No . . . they were the kind of socks that I thought that if I pulled the thread, they would start to unravel. But that did not happen at all. That was the first thing I tried to do and it did not work. I wanted to unravel because I was thinking about different things in my life and about breaking habits that I was unhappy with. I was looking for a way to feel different, to feel and think different about how I saw myself in the world. And I knew that I had to dig deep. It was not a very conscious process, but I knew that I wanted to dig deep and change something. That is why I wanted to unravel. I wanted to do something with my work that was the same as what I was doing with my personal life. So I tried with the socks and it did not work, it really did not work. So I started hunting around for something that might unravel. And I tried to pull other things apart, and that also did not work. I was looking around my house – sometimes I have to wreck things to make artwork; sometimes I cut up tables just because I need certain things – so I went up and saw there was a blanket on my bed. It was this red wool blanket that I had for a really long time. And I went to check its thread. It was woven, and that is what you really need, because there is no kind of knotting. So I brought it down to my studio and after I unraveled a little bit I realized that this was perfect. I unraveled probably about half an inch of a 70 inch blanket, and I got a lot of wool – and I immediately was immersed in a project. I made a decision that I was going to rewind it on spools. I did not really know what I was doing, but I wanted to save the thread and it made sense to save onto spools. I am a sculptor so I just made spools to roll the thread onto. That was the beginning of the process. Once I started, I could not really stop.

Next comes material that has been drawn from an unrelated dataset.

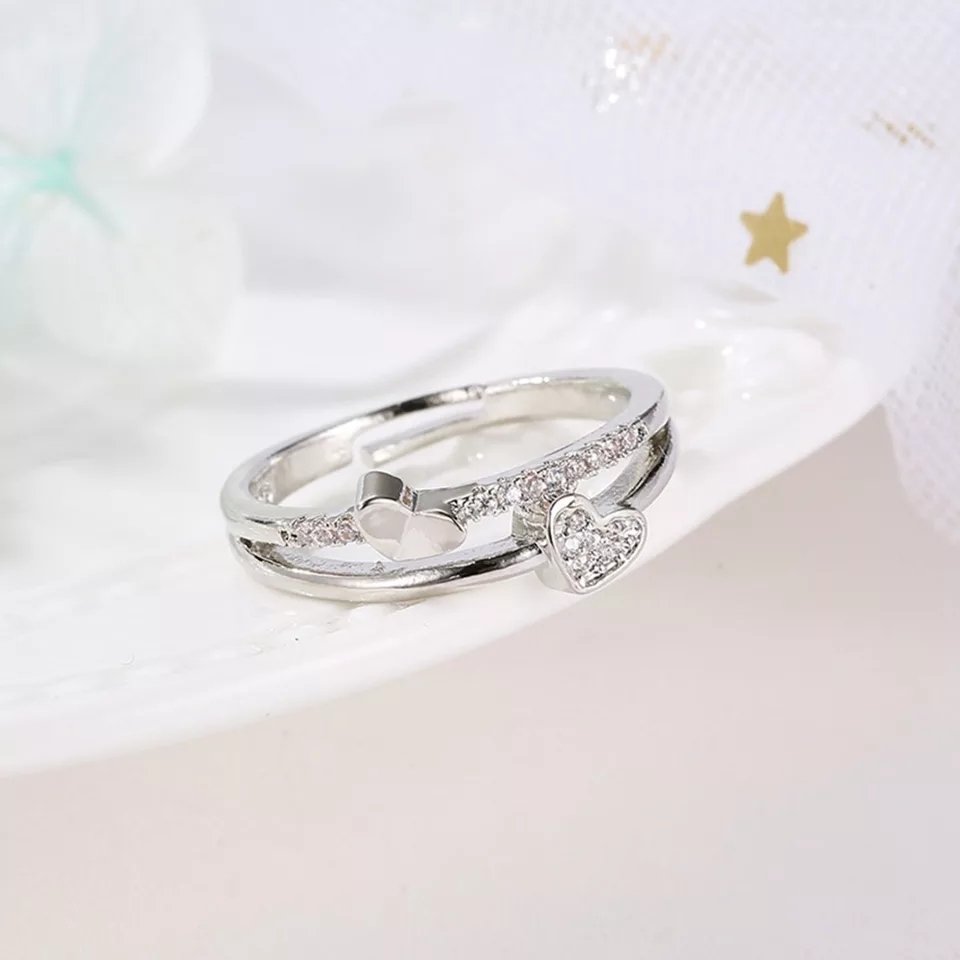 Silver-Plated Heart Crystal Finger Ring image 0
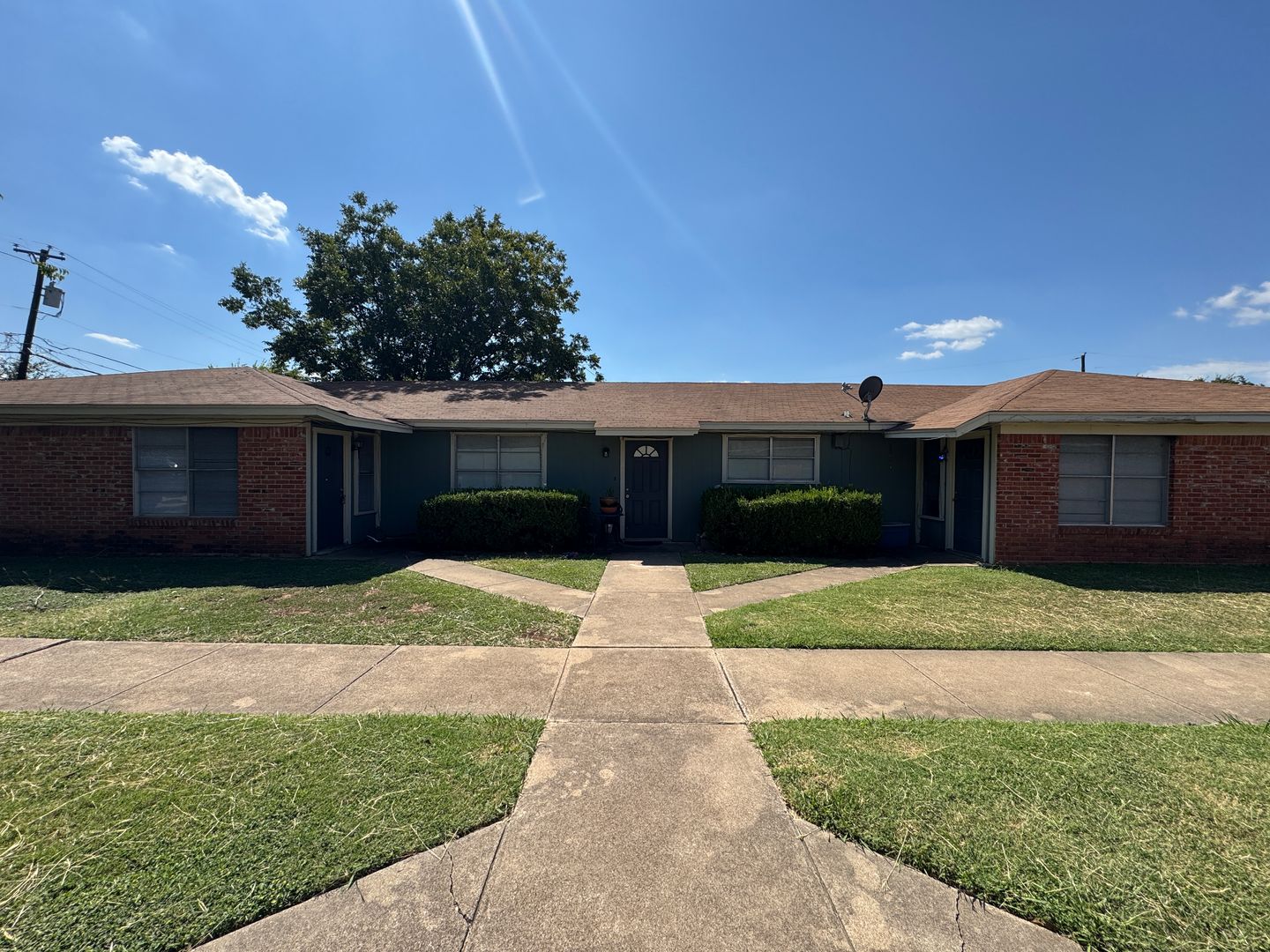 Waco House: 7320 Sanger Avenue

Is that the whole blanket in “Mariposa?”
Yes. There are some little parts left of it because wool is fuzzy and I had to trim bits of it to be able unravel it, but I also saved those things because I might still use them for something.
And how long did this project take?
Actually, I worked on it for two years, both on the unraveling and the making of the spools.
I am sure it took as long to make the spools as it took to unweave the blanket.
Yes, and all the wood from the spools is reclaimed wood. Also, I did not know this when I brought Mariposa into the gallery to be installed, an intern counted all the spools, and there were 805.
I thought it was in the hundreds but I did not expect the number to he so high!
There are some really little ones . . . In my brain the number was somewhere between 500 and 800, but I was really surprised.
Your work is so different and has so many aspects and you use such varied materials.
I don’t want to jump so quickly from this part of your work to another, but I am really intrigued by your series Five And A Half By Forty. Are you primarily interested in the image or with the objects? Do the objects make sense as a group, or are they individually important?
This series started about twenty years ago. Now, there are twenty-eight pieces, and I plan to continue. I think of it as a time capsule of objects from my lifetime. But they are not actual objects; they are things that I manipulate heavily in Photoshop. I imagine someone opening up this time capsule with these objects in it, and it would tell a different story because of how I manipulated them. It’s about documenting my life-time. Obviously I choose objects that kind of fit into the format, or that I can make fit into the format; there is a chess board in there that is normally square but that I am able to manipulate and make it five and a half by forty inches. If I can work it into the format, I do. There are some things that I would like to put in there, but I can’t make it work.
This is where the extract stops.